[PATCH] arm64: Apply dynamic shadow call stack patching in two passes

Thu Jan 26 11:35:41 PST 2023

On Thu, 26 Jan 2023 at 20:08, Linus Torvalds
<torvalds at linux-foundation.org> wrote:
>
> On Tue, Dec 13, 2022 at 6:29 AM Ard Biesheuvel <ardb at kernel.org> wrote:
> >
> > Due to past bad experiences with the highly complex and overengineered
> > DWARF standard that describes the unwind metadata that we are using to
> > locate these instructions [..]
>
> Just a note on why I distrust DWARF data so much - it's not so much
> because it's complex and overengineered (although I agree it is),
> because that's not anything new.
>
> It's because it's almost entirely *untested*.
>
> Compiler code generation bugs are a real issue, and happen
> semi-regularly.
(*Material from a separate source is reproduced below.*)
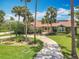 Beautiful home with mature landscaping and a winding driveway at 1520 Stone Trl, Enterprise, FL 32725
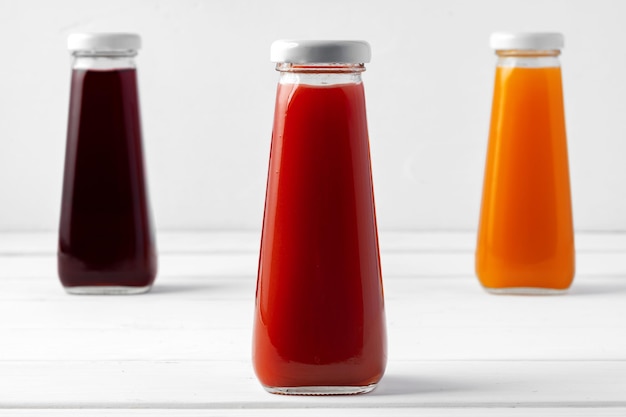 Glass bottles of different juices on white background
Are they _common_? No. But they are an issue, and we
> were chasing one just a couple of weeks ago.
>
> But code generation bugs are things that get very fundamentally
> tested. When the compiler generates bad code, every single user of
> that compiler will effectively be testing it.
>
> Yes, we still hit them, often because the kernel does something
> unusual (ie the last one was apparently only triggered with a
> combination of sanitizer and coverage flags), so "test coverage" isn't
> any kind of guarantee, but it's there.
>
> But DWARF debug info? It can be *completely* wrong, and in 99.9% of
> all cases nobody will ever notice in any testing. Most of the time
> it's not used at all, and even when it is used (whether exception
> handling or for actually doing debuggers) it's used only for a tiny
> tiny percentage of the whole thing.
>
> So it's not just that we've had bad experiences with it in the past. I
> feel that the problem goes deeper than that - the lack of testing
> means that it's fundamentally not trustworthy.
>
> Am I exaggerating a bit? Sure. Compilers have (extensive) test-suites
> for debug info too. But I do think that coverage tends to be much less
> than "everybody relies on it being right" like for normal code
> generation.
>
> End result: I would love for us to have some additional security nets
> in this area.
>
> Doing the checks as a dry-run phase is good so that any possible
> issues hopefully get caught before the code actively rewrites things,
> but I'd still be even happier if this was a build-time thing and part
> of objtool or something.
>
> That way the dwarf info would also be validated even when it's not
> actively used - which is a large point about my "this has seldom been
> tested" issue with it.
>
> Because I *think* this dry-run thing is only run of the (few) arm64
> cores that actually have PACIASP/AUTIASP. No?
>

No, the other way around. On cores where PACIASP/AUTIASP execute as
NOPs, they are replaced with shadow call stack pushes and pops. This
is preferred over having both shadow call stack and PAC in the same
[generic] kernel image, as the performance hit of the shadow call
stack is not justified on cores that implement PAC.